Claude Jammet: Il rituale eleva il mondano a un livello sacro. Pensate alla cerimonia del tè: tutte le cose che valga la pena fare richiedono tempo, ciò che sembra mancarci sempre di più. Oggi mettiamo una bustina di tè in una tazza e beviamo mentre parliamo di affari al telefono.
Thierry Vissol: Lei è decisamente una pittrice realista, a volte anche iperrealista. Un altro pittore che ho intervistato, decisamente astrattista, affermava che “Anche un grande realismo – pur impressionante nella sua capacità di dimostrare la propria abilità acquisita – racconta tutto allo spettatore in pochi istanti, e si smette di guardare”. Ma lei ha partecipato a una mostra intitolata “Contro l’interpretazione”. Concorda con Susan Sontag sul fatto che la volontà di interpretare un’opera d’arte, in particolare se realista, sminuisce o riduce il potere dell’arte e che nella contemplazione di un’opera d’arte bisogna prendersi del tempo e recuperare i sensi: ascoltare di più, sentire di più e vedere di più?
Claude Jammet:
Sono una pittrice realista, ma respingo il titolo di iperrealista. Può sembrare che io dipinga ogni capello o ogni filo d’erba, quando in realtà è solo un piccolo dettaglio che permette all’occhio di completare il resto. Per quanto riguarda l’idea che il grande realismo annoi in pochi istanti lo spettatore, devo dire che potrei guardare “Las Meninas” di Velasquez ogni giorno per il resto della mia vita e riscoprirlo all’infinito.
Non potrei essere più d’accordo con Susan Sontag, perché interpretare significa anche “impacchettare” o etichettare. Un’abitudine di cui non possiamo apparentemente fare a meno.
Thierry Vissol: Cosa pensa della pittura astratta?

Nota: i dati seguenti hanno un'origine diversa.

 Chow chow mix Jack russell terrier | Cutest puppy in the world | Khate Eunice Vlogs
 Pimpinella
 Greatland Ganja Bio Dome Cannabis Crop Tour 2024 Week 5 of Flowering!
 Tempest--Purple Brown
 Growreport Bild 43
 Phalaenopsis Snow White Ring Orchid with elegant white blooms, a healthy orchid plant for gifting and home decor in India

Claude Jammet: Molti lavori scadenti sono stati sdoganati con l’etichetta di Arte astratta. Tutta l’arte è astratta: se riconosciamo lo stile di un pittore è perché il pittore ha astratto la realtà. Chaim Soutine non è un pittore astratto, né realista, è semplicemente fantastico! E, diciamocelo, non tutti sono un Rothko o un Auerbach!
Thierry Vissol: A volte dipinge nudi, soprattutto donne? Cosa rappresentano per lei i nudi?

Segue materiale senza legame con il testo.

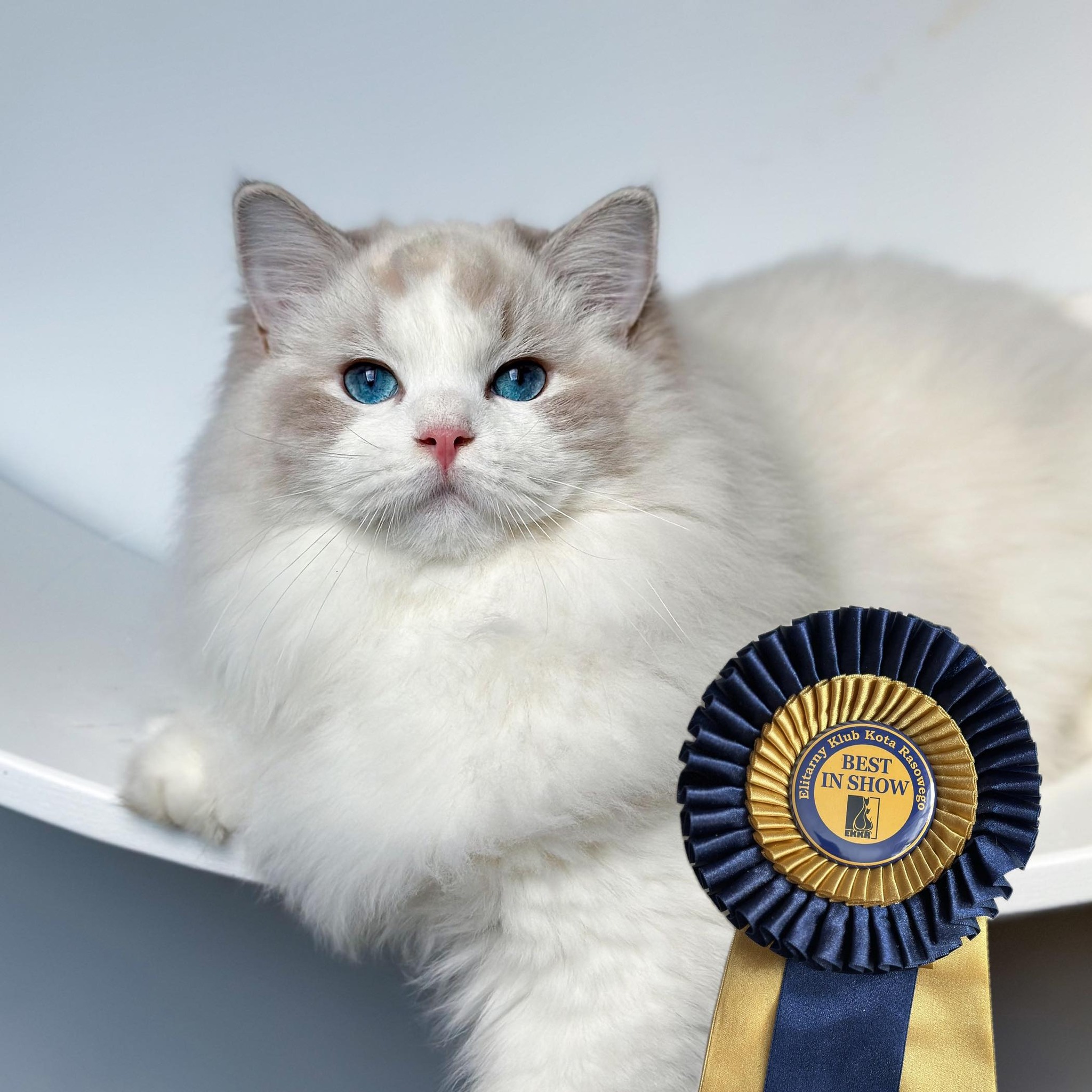 Silky Magic PL Ragdoll Cattery Hodowla kotów rasy Ragdoll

Claude Jammet: In realtà ho dipinto più nudi maschili. Gli uomini hanno meno coscienza dei loro piccoli difetti, sia vestiti che nudi. Nella ritrattistica il corpo è un racconto come lo è un volto, e le piccole imperfezioni esprimono personalità. Anni fa dipinsi un amico che ha gravi ustioni su metà del corpo. Quando gli chiesi di posare per me volle sapere perché avessi scelto di dipingere le sue cicatrici (l’incidente era avvenuto quando aveva solo due anni). Gli risposi che “le cicatrici sono il luogo dove l’anima ha cercato di lasciare il corpo e non ci è riuscita. Il luogo dove è stata rinchiusa“. Mi sembrò molto contento della spiegazione.
Thierry Vissol: In un’intervista ha detto che l’arte per lei è l’unica religione. Cosa intende e cosa è o non è arte per lei?
Claude Jammet: Trovarsi al cospetto della vera arte (che si tratti di musica, letteratura, danza, cinema…) è un’esperienza mistica. Anni fa ho avuto la fortuna di vedere la grande retrospettiva di Francis Bacon al Beaubourg di Parigi. Ho fatto tre volte il giro della mostra nel tentativo di fissare quella che sapevo essere un’esperienza che mi avrebbe cambiato la vita. Solo la vera arte ci riesce, il resto è posa.